MAHKEMESİ :ASLİYE HUKUK MAHKEMESİ
DAVA TÜRÜ : TAPU İPTALİ VE TESCİL
KANUN YOLU: TEMYİZ
Taraflar arasında görülen dava sonucunda verilen hükmün Yargıtay"ca incelenmesi istenilmekle; temyiz isteğinin süresinde olduğu anlaşıldı, inceleme raporu ve dosyadaki belgeler okundu, GEREĞİ GÖRÜŞÜLDÜ:
Kadastro sonucu,.... Köyü çalışma alanında bulunan 187 ada 38 ve 70 parsel sayılı 6.284,83 ve 4.313,04 metrekare yüzölçümündeki taşınmazlar, irsen intikal, taksim, satın alma ve kazandırıcı zamanaşımı zilyetliği nedeniyle, davalı ... Çelik ve müşterekleri adına tespit ve tescil edilmiştir. Davacı ..., tapu kaydına dayanarak 187 ada 38 parsel sayılı taşınmaza yönelik olarak tapu iptali ve taşınmazın adına tescili istemiyle dava açmış, yargılama sırasında ise aynı iddia ile talebini 187 ada 70 parseli de kapsar şekilde ıslah ettiğini bildirmiştir. Mahkemece yapılan yargılama sonunda davanın kabulüne, 187 ada 38 ve 70 parsellerin tapu kayıtlarının kısmen iptali ile, 31.07.2012 havale tarihli bilirkişi raporunda 187 ada 38 parsel sayılı taşınmazın (B) harfi ile gösterilen 2.370,10 metrekare yüzölçümündeki kısmının ve aynı raporda 187 ada 70 parsel sayılı taşınmazın (D) harfi ile gösterilen 914,19 metrekare yüzölçümündeki kısmının davacı ... adına tapuya tesciline karar verilmiş; hüküm, davalı ... tarafından temyiz edilmiştir.

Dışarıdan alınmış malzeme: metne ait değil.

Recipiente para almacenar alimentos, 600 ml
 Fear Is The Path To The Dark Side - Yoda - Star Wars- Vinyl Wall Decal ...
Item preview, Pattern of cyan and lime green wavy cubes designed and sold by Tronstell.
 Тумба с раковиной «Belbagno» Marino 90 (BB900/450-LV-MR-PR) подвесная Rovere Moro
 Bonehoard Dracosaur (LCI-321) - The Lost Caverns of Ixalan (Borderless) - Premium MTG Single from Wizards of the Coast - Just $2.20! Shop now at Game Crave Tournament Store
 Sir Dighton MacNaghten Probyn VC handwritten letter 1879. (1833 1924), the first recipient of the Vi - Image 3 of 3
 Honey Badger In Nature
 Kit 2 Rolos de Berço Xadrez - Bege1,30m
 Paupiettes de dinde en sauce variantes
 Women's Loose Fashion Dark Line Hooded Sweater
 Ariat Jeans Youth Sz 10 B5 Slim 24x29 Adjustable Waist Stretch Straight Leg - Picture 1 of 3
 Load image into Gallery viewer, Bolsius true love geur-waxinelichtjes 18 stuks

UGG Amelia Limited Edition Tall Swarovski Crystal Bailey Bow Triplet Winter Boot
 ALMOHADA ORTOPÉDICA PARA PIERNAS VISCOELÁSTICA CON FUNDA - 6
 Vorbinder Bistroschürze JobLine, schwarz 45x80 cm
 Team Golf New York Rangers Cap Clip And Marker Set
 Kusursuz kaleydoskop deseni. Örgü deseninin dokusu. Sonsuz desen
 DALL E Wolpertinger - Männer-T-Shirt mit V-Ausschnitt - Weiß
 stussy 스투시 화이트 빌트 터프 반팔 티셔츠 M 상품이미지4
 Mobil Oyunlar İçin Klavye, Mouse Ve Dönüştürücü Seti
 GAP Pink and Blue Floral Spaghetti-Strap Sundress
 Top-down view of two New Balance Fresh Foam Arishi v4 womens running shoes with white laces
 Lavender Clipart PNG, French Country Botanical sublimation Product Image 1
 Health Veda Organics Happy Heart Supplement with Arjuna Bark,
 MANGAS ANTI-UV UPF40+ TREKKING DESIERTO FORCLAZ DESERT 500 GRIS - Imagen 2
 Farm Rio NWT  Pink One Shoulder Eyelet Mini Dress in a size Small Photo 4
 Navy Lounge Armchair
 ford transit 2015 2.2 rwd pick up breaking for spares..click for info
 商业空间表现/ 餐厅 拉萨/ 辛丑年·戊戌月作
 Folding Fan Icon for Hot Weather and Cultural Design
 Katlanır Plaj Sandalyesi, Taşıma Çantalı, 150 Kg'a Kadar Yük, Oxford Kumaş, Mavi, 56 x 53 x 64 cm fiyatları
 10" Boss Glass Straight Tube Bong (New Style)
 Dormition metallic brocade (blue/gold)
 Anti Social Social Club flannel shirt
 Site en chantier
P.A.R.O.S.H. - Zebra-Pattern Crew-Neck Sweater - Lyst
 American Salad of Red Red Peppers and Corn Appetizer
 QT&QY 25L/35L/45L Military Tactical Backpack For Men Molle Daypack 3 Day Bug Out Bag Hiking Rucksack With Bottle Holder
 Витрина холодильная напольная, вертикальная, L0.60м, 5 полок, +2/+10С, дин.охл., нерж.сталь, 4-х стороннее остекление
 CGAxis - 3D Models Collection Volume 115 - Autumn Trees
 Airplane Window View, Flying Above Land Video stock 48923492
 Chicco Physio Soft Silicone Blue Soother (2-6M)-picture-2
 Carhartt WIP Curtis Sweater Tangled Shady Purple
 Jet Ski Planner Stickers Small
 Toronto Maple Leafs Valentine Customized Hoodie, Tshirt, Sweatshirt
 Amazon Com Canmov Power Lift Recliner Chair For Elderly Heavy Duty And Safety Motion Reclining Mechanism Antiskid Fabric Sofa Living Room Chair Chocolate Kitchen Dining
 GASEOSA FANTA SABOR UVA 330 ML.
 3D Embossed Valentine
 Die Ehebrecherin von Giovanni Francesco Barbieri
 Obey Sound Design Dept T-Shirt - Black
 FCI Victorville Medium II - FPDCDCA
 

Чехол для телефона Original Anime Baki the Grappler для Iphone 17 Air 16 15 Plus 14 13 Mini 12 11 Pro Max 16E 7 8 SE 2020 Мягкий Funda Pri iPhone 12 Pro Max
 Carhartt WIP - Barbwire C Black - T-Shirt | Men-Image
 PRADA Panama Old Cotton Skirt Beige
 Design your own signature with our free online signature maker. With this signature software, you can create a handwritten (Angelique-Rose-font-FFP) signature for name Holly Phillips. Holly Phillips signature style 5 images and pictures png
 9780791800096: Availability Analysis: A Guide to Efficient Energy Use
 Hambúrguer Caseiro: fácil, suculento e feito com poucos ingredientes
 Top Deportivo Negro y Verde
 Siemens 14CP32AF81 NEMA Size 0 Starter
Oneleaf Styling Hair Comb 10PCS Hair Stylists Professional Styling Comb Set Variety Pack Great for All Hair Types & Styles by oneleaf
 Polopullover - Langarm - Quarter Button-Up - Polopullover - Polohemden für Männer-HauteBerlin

1- Mahkemece hakkında hüküm kurulan 187 ada 70 parsel sayılı taşınmazın (D) harfi ile gösterilen bölümüne ilişkin hükme yönelik temyiz itirazlarının incelenmesinde; Mahkemece, bu bölüm yönünden işin esasına girilerek yazılı şekilde karar verilmiş ise de, bu karar usul ve yasaya uygun bulunmamaktadır. Davacı ..., dava dilekçesinde, açıkça 187 ada 38 parsel sayılı taşınmazı iddiasına konu ettiğini belirterek, bu taşınmazı tapu kaydına dayalı olarak ihale usulü ile satın aldığını ileri sürerek dava açmış, yargılama sırasında, davacı vekili tarafından ibraz edilen 30.12.2012 tarihli harcı ikmal edilmeyen “ıslah” talepli dilekçede ise, iddialarına konu bölümlerin 187 ada 38 ve 70 parsel sayılı taşınmazların keşif sırasında gösterdikleri kısımları olduğunu belirterek, ıslah taleplerinin kabulü ile idialarına konu kısmın davacı adına tescili isteğinde bulunulmuştur. Yargıtay Hukuk Genel Kurulu"nun 29.06.2011 tarih, 2011/1-364 Esas ve 2011/453 Karar sayılı ilamında da belirtildiği üzere, ıslahla kastedilen, dava konusu edilen hususların genişletilmesi veya değiştirilmesi olup, dava konusu edilmeyen müstakil bir taşınmazın ıslah yoluyla davaya ithaline ve dava konusu haline getirilmesine yasal açıdan olanak bulunmamaktadır. Dolayısı ile somut olayda usulünce harcı yatırılmak sureti ile yapılmış bir ıslah bulunmadığı gibi, yargılaması devam eden bir dava içerisinde ıslah yoluyla dahi dava konusu haline getirilmesi mümkün bulunmayan 187 ada 70 parsel sayılı taşınmazın, sonradan dilekçe ile dava konusu hale getirilmesi mümkün değildir.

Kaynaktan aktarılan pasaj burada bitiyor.